Steenhoek explique que le niveau d'eau du Mississippi baisse généralement pendant les mois d'automne, mais que les dernières années de sécheresse ont été un véritable signal d'alarme pour les agriculteurs, qui ont dû diversifier leurs chaînes d'approvisionnement. Les producteurs de soja ont depuis conclu de nouveaux accords de chaîne d'approvisionnement avec les compagnies ferroviaires et ont même investi dans de nouveaux terminaux d'exportation dans l'État de Washington et sur la côte du lac Michigan à Milwaukee.
Heureusement, a déclaré Calhoun, les perturbations du transport fluvial cette année n'ont pas été aussi graves que l'année dernière, lorsque le niveau d'eau du Mississippi avait atteint des niveaux record. Plusieurs barges se sont échouées l'année dernière et en 2022, a-t-elle déclaré, faisant référence aux cas où des bateaux restent coincés dans le lit du fleuve ou dans des zones où des sédiments se sont accumulés. Cela ne s'est pas produit jusqu'à présent cette année.
Elle attribue cela aux efforts proactifs déployés cette année par les entreprises et les agences fédérales, comme le Corps des ingénieurs de l'armée, pour atténuer les perturbations des transports. Le Corps des ingénieurs de l'armée, par exemple, a-t-elle déclaré, dragué le lit de la rivière plus tôt que d'habitude en prévision d'éventuelles perturbations.
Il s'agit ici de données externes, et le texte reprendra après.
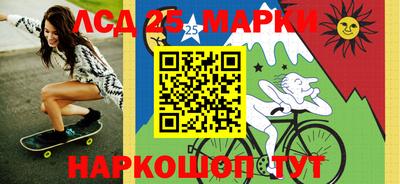 первитин Первоуральск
Le dragage consiste à déplacer les sédiments du lit de la rivière des zones où ils peuvent causer des problèmes aux bateaux vers des zones où ils ne le feront pas.
Selon Calhoun, un autre point positif est que les sécheresses ont également suscité une plus grande coopération et collaboration entre les parties prenantes, tant publiques que privées. « Nous avons constaté une coopération encore plus étroite au cours des trois dernières années avec le Corps des ingénieurs et la Garde côtière, qui travaillent en étroite collaboration avec l’industrie », a-t-elle déclaré.
Wilson, climatologue de l'Ohio, a également constaté une coopération plus étroite entre les parties prenantes pour s'attaquer à ce problème. « C'est un mélange de climatologues, de spécialistes des sciences sociales, de planificateurs et de personnes chargées de la préparation aux situations d'urgence qui coordonnent réellement cet effort », a-t-il déclaré.
Selon Calhoun, le résultat est que leur coalition de groupes a été en mesure de gérer relativement bien les perturbations cette année, ce qui la laisse prudemment optimiste. « C'est vraiment difficile, vous savez, de suivre la situation et d'essayer de déterminer si c'est simplement normal. Est-ce que la situation s'aggrave ? Allons-nous devoir procéder à des changements importants, et si oui, quels seront-ils ? Mais nous n'en sommes pas encore là », a-t-elle déclaré.